In 2013, the PR industry witnessed income growth of eight per cent, which is a disappointing drop from the 11.5 per cent seen in 2012. There is some way to go before growth returns to the pre-recession days of 15 per cent.
Promisingly, growth was evenly spread across the sample, with approximately 76 per cent of consultancies showing growth and more than half with growth of eight per cent or more. This year, as last year, the smaller consultancies seem to have done well, with only seven of the smallest 30 suffering a decline, and 21 of them showing growth above the average for the Top 150. Those at the very top of the table also did well to avoid income erosion.
What we can see is a 'squeezed middle', with those agencies sitting between £1m and £3.5m fee income accounting for ten of the 11 consultancies suffering double-digit declines. This demonstrates the vulnerability of this group.
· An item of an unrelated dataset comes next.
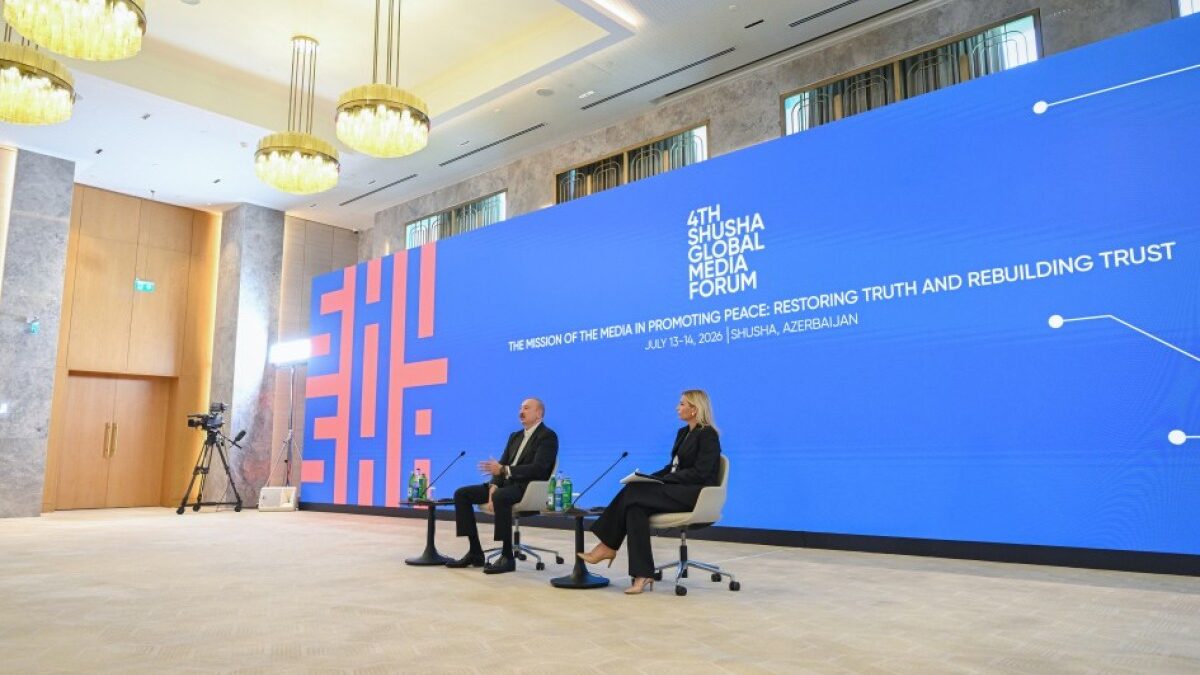 Президент Азербайджана прокомментировал вопрос FM-радио в электромобилях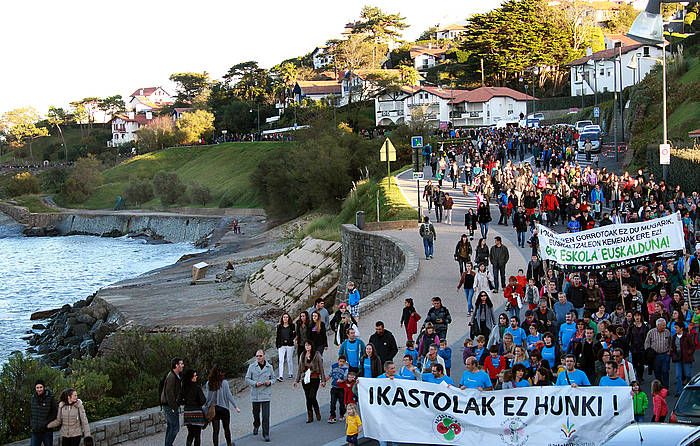 Kaskarotenea Ziburuko ikastolaren alde egindako manifestazioa, Ziburun, azaroaren 8an. BOB EDME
This may indicate that clients are either choosing larger agencies that can perhaps offer more services or an international perspective, or, on the other hand, are spending money with smaller niche players that perhaps offer lower costs.
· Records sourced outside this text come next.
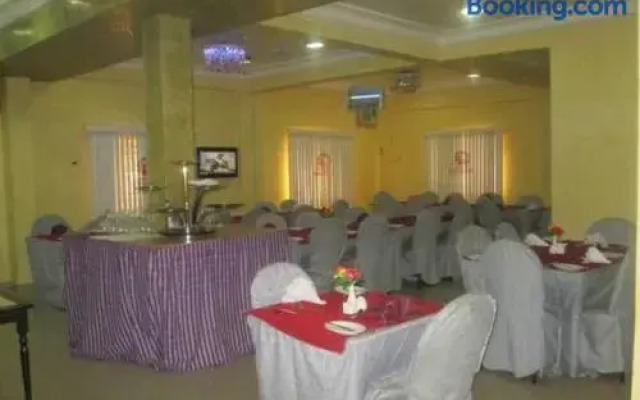 Ayalla Hotels Suites-abuja Royal Suite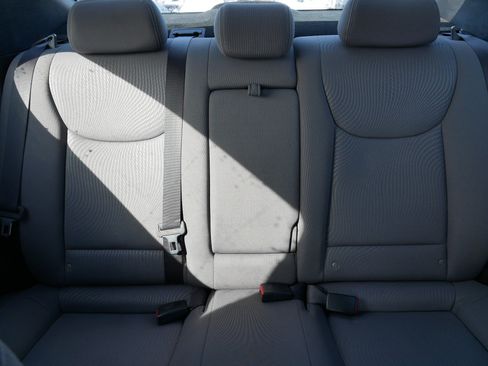 Used 2016 Hyundai Elantra SE image 13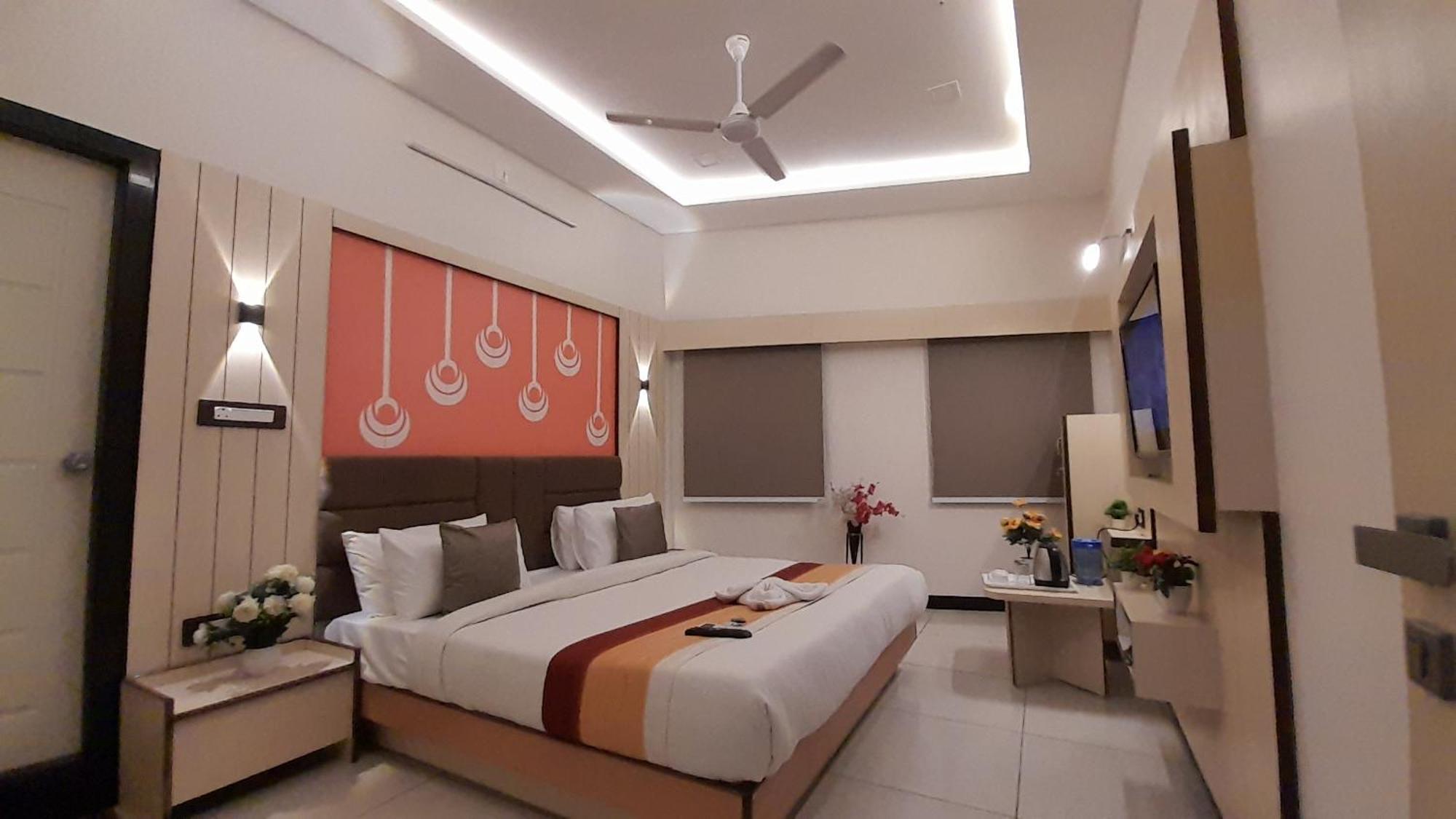Sun Palace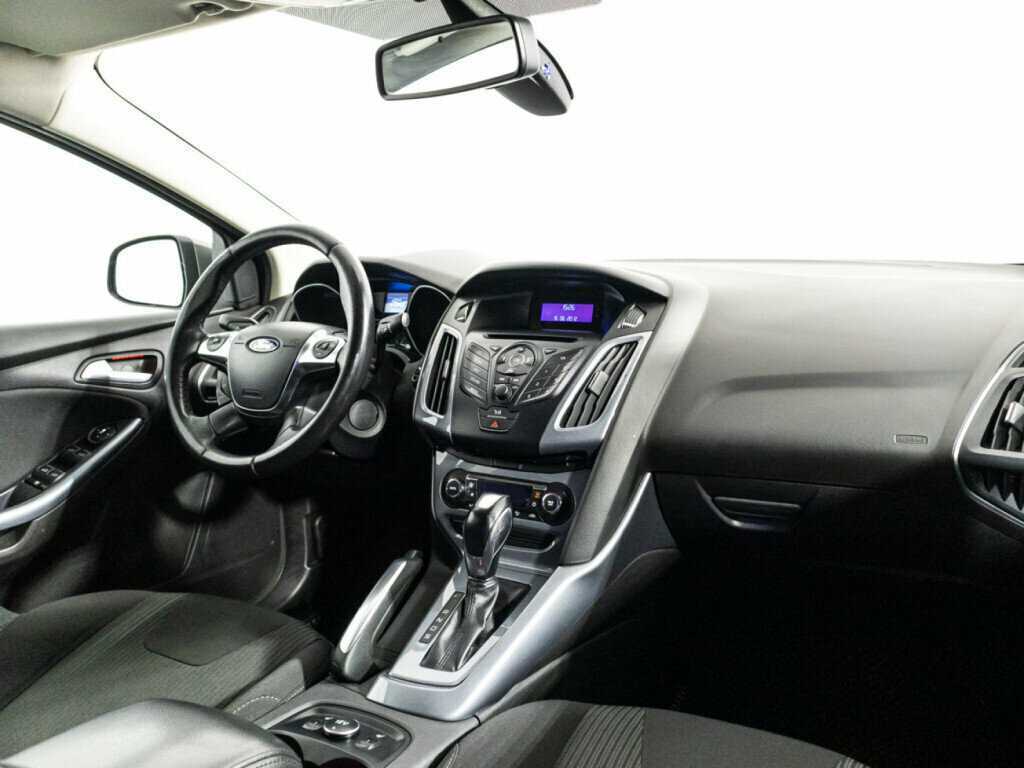 Ford Focus с пробегом — 2012 год. Фото: #8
The average gross income per head has increased by less than one per cent to £93,800, which is less than inflation, so in real terms it has decreased. While we see slower, albeit healthy, growth in income, keeping costs down and fighting margin erosion will be the challenge going forwards. Ultimately, the future of the PR consultancies will be determined by their ability to keep up with the changing landscape of marketing and attract and retain the best talent to set them apart from the competition.